The next difficulty for science has to do with the claim regarding the center of the universe. In the geocentric system, the earth is at rest in the center of the universe. Galileo advanced that the sun was the center and the earth moved around the sun. Yet the claims of heliocentrism sowed the seeds of its own destruction, even as the moving earth it proposed appeared to destroy the geocentric system. For the earth could not be at the center, if it moved around the sun in a finite bounded universe. The Copernican principle, the current dogma of science, clams that the universe is not finite and bounded, and does not have a center. But if the universe is infinite and unbounded and has no center, then neither geocentrism nor heliocentrism is valid. This difficulty has not been clearly understood in current science dogma. The Copernican principle concludes incorrectly that all locations in space are equally unimportant. We live on the earth, and that makes the earth a special place. From our perspective, we are at the center of the universe.
The conflict between science and religion can be expressed in the following way: Theology and Philosophy, both of which deal with human existence, find intolerable the idea that we humans are insignificant and therefore not special. On the other hand scientific materialism seeks to minimize the importance of human existence. We are just an accident and so nothing special in that view. From the viewpoint that human existence is special, the idea that the earth is not the center of the universe is absurd, particularly since all the evidence certainly points to that conclusion. What is not understood in this debate, is that, in a universe where the principle of relativity rules and there is no definite center, the argument of geocentrism versus heliocentrism is largely a waste of time. Mathematics tells us that we can pick any point in space to be the center, since there is no privileged mathematically defined center. That follows if the space is infinite and unbounded. What is remarkable about the film Galileo Was Wrong is that the scientific evidence is pushing science towards the geocentric viewpoint. That is something that believers in heliocentrism are resisting. The problem for science is that there are inconsistencies within the heliocentric system of thought, and these need to be corrected. Adopting geocentrism is a simple way to fix the problems. The film is a step towards accomplishing this.
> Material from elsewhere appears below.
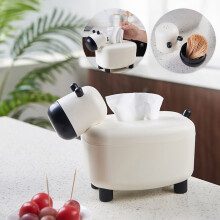 Donemore tissuebox met tandenstokerhouder – voor op het bureau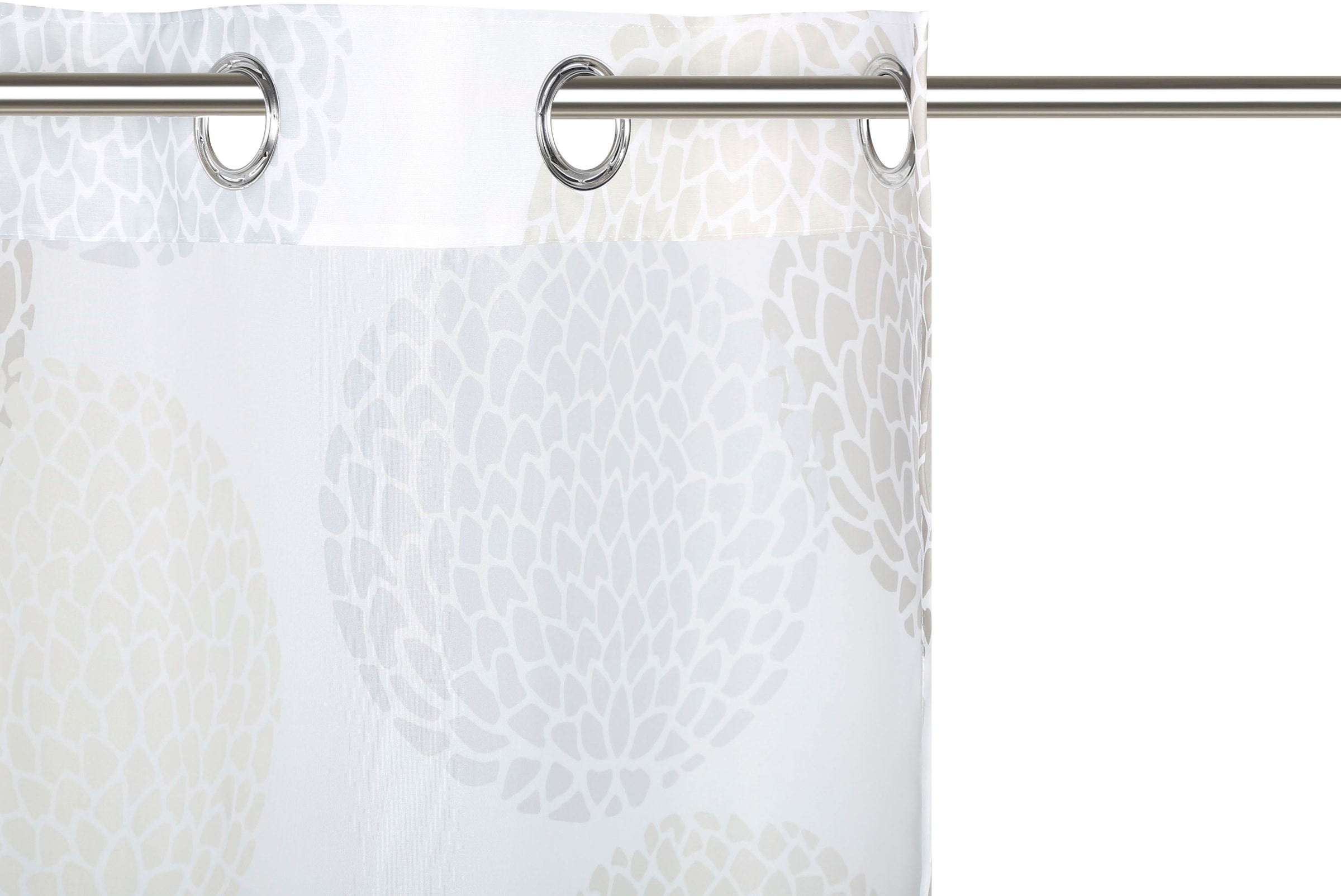 GOODproduct Gardine »BELEM« Ösen 1 Stk. tlg. 1 Schal, Polyester, Kreise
To conclude, this is a science documentary that ought to be required viewing in schools and universities around the world. It is an educationally rich film that demonstrates what science is about, how science is done, and the implications of science in our culture. This is the best educational science documentary film that I have ever seen and I recommend that anyone who has an interest in physical science, astronomy, cosmology, and theology view this film.
Harry Hamlin Ricker III is a retired electrical engineer who writes commentaries on physical science, science history, impact of science on society and the philosophy of science. He has a B.S. in Electrical Engineering from Virginia Tech and a Masters Degree in Electrical Engineering from the University of New Hampshire. He has worked for Illinois Institute Of Technology Research Institute, Johns Hopkins Applied Physics Laboratory, and Communications Satellite Corporation. He has been an amateur astronomer for nearly 50 years and was leader of the Natural Philosophy Alliance relativity interest group for five years. He lives in Newport News, VA.